As a practical matter, most efforts at building practical language understanding systems have concentrated on specific subject matter, where the most important concepts can be represented in sufficient detail to achieve a useful level of understanding [e.g. see 5, 6, 7]. However, the question raised by the specialist approach is whether systems designed in isolation will be able to communicate information between them. The evidence suggests not. Ideally, all knowledge representation systems might use a common general hierarchy and a standardized set of semantic relations, creating new concepts or aggregates of existing concepts as needed for specific applications, but preserving a large area of commonality allowing efficient communication. Some requirements for the development of such a general ontology have been suggested by Gruber [8], and by Bateman [9]. However, skepticism about the possibility of agreeing on such a general ontology is often expressed[1], and even the utility of a general ontology has been questioned [10]. Such skepticism may be due at least in part to a paucity of general ontologies available to be tested in specific applications.

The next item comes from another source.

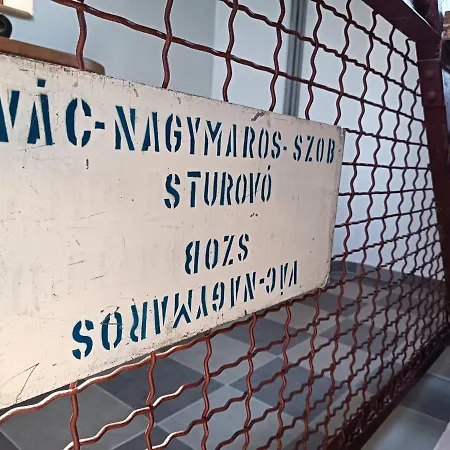 Toronyszoba Гостевой дом 3*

The development of separate representation languages for different applications might not prove a fatal barrier to communication between systems if some method of knowledge conversion is available. One project directed at developing a knowledge-conversion method is the KIF project [11], which is developing specifications for knowledge representation which would allow transfer of knowledge from one formalism to another. The proposed KIF standard has been coordinated with a corresponding conceptual graphs (CG) representation standard [41], and the two standards represent alternate linear and graphical methods for representing knowledge, which are interconvertible with each other. These two representation standards are based predominantly on first-order logic; however the use of these standards for knowledge representation is effectively theory-neutral, and merely provides a method for recording knowledge. The methods for use of the knowledge thus represented need not involve first-order logic, and is unrestricted.

Although the KIF and CG standard provide a format for recording knowledge, there is no corresponding standard for the content of a common knowledge base. Without some agreement on the type hierarchy and defined semantic relations, the ability to transfer knowledge even in an agreed common format will be severely impeded. Even where hierarchies of two systems look similar, the absence of similarity in the semantic relations used may make it impossible to determine if two concepts are in fact identical, preventing meaningful merger of two knowledge systems. There has been a recent study to determine if a standard ontology can be developed by merger of existing ontologies [39].

Agreement on the basic outlines of such a common semantic network would enhance the utility of a knowledge interchange format such as KIF or CG. Among current efforts to develop large semantic networks, the CYC project [22] and the Japanese EDR project [34] stand out by virtue of the size of the effort expended. The Princeton WordNet system [14] also has a large semantic network, although it uses fewer than fifteen types of semantic links. The WordNet system is being replicated in other languages within the European Computational Linguistics community, which is developing a set of semantic networks in several languages, collectively called Euro WordNet [37].

One concept classification system, Roget's Thesaurus, has been in use for literary composition for over one hundred and forty years. Developed for purposes quite different from computer communication, it nevertheless contains a wealth of explicit and implied information about English words and their underlying concepts, which could be usable in a formally defined semantic network for use by computers. After some examination, it was apparent that the process of extracting implied semantic link information from the Roget into computer-usable form would be very difficult to perform automatically, and would likely be performed more accurately using inspection by a human interpreter to specify the proper location for each concept in a semantic network. Thus the present work was undertaken to convert the information in the Roget's thesaurus [12] into a hierarchical semantic network. The practical utility of the resulting network must be tested in real language-understanding applications, but the tests cannot be performed realistically until all of the words to be found in the test texts are properly classified within the network. The potential of Roget's Thesaurus in its original form as a basis for merging specialist thesauri has previously been discussed by Liddy et al [30].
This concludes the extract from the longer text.